- TO DO
Only the final stretch of lines is needed: output exactly the line containing "Verschillende pasta. koken" and all lines following it in the listing below.

- RECORDED DATA
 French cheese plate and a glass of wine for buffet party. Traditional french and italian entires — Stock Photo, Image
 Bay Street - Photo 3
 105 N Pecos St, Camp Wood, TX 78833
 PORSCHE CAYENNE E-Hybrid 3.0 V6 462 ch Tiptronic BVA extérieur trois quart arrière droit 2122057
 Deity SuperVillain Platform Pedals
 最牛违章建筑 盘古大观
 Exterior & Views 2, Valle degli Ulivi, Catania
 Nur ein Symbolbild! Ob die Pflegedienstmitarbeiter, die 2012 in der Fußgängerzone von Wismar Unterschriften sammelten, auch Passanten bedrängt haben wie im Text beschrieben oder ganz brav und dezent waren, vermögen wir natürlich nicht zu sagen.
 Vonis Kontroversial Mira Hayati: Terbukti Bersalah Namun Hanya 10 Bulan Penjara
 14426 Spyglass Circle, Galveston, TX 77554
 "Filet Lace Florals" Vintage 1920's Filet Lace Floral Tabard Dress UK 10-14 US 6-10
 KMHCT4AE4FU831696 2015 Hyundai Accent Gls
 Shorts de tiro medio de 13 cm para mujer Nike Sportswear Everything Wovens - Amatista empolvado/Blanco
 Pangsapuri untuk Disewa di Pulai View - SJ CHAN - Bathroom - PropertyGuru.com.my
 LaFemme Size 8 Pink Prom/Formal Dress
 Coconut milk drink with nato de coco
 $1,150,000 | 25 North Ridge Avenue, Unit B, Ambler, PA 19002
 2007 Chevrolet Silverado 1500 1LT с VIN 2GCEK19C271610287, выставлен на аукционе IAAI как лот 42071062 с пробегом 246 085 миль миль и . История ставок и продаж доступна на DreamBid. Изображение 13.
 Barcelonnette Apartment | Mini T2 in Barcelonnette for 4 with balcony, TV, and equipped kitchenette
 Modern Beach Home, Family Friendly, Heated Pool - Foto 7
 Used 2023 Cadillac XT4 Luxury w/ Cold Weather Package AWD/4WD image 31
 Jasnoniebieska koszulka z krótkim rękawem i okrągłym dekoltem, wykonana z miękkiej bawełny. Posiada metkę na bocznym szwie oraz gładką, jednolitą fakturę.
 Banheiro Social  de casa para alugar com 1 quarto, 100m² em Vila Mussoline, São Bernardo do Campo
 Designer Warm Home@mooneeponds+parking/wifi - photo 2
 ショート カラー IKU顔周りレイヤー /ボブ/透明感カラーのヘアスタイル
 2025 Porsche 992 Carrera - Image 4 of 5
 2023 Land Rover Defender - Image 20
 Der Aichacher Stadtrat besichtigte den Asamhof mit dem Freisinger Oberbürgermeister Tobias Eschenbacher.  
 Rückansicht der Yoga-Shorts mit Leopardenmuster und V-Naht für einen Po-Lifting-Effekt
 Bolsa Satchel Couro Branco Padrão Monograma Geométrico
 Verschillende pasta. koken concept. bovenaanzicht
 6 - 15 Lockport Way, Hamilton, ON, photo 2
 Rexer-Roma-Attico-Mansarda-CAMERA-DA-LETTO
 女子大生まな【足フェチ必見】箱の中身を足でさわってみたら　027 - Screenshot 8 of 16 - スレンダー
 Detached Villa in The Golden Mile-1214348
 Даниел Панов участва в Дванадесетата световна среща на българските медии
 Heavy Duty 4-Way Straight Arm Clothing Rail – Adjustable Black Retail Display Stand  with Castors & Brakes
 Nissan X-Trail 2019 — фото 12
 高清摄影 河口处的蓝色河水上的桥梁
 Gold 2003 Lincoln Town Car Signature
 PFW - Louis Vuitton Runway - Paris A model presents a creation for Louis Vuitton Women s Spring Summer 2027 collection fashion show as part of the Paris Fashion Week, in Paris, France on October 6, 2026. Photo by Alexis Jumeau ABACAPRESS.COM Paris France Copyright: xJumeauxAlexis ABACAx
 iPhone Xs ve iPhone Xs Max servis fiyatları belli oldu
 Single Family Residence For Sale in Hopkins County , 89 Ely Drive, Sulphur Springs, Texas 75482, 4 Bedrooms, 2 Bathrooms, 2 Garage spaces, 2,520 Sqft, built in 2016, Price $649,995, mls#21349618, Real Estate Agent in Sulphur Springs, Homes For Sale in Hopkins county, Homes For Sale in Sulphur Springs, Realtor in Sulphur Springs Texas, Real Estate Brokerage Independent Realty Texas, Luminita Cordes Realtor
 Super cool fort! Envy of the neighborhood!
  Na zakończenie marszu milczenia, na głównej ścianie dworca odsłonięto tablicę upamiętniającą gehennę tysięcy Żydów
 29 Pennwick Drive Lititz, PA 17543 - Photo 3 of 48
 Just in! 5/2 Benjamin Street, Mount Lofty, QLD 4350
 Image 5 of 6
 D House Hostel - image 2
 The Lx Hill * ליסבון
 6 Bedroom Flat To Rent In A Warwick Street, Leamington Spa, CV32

- EXERCISE RESPONSE
 Verschillende pasta. koken concept. bovenaanzicht
 6 - 15 Lockport Way, Hamilton, ON, photo 2
 Rexer-Roma-Attico-Mansarda-CAMERA-DA-LETTO
 女子大生まな【足フェチ必見】箱の中身を足でさわってみたら　027 - Screenshot 8 of 16 - スレンダー
 Detached Villa in The Golden Mile-1214348
 Даниел Панов участва в Дванадесетата световна среща на българските медии
 Heavy Duty 4-Way Straight Arm Clothing Rail – Adjustable Black Retail Display Stand  with Castors & Brakes
 Nissan X-Trail 2019 — фото 12
 高清摄影 河口处的蓝色河水上的桥梁
 Gold 2003 Lincoln Town Car Signature
 PFW - Louis Vuitton Runway - Paris A model presents a creation for Louis Vuitton Women s Spring Summer 2027 collection fashion show as part of the Paris Fashion Week, in Paris, France on October 6, 2026. Photo by Alexis Jumeau ABACAPRESS.COM Paris France Copyright: xJumeauxAlexis ABACAx
 iPhone Xs ve iPhone Xs Max servis fiyatları belli oldu
 Single Family Residence For Sale in Hopkins County , 89 Ely Drive, Sulphur Springs, Texas 75482, 4 Bedrooms, 2 Bathrooms, 2 Garage spaces, 2,520 Sqft, built in 2016, Price $649,995, mls#21349618, Real Estate Agent in Sulphur Springs, Homes For Sale in Hopkins county, Homes For Sale in Sulphur Springs, Realtor in Sulphur Springs Texas, Real Estate Brokerage Independent Realty Texas, Luminita Cordes Realtor
 Super cool fort! Envy of the neighborhood!
  Na zakończenie marszu milczenia, na głównej ścianie dworca odsłonięto tablicę upamiętniającą gehennę tysięcy Żydów
 29 Pennwick Drive Lititz, PA 17543 - Photo 3 of 48
 Just in! 5/2 Benjamin Street, Mount Lofty, QLD 4350
 Image 5 of 6
 D House Hostel - image 2
 The Lx Hill * ליסבון
 6 Bedroom Flat To Rent In A Warwick Street, Leamington Spa, CV32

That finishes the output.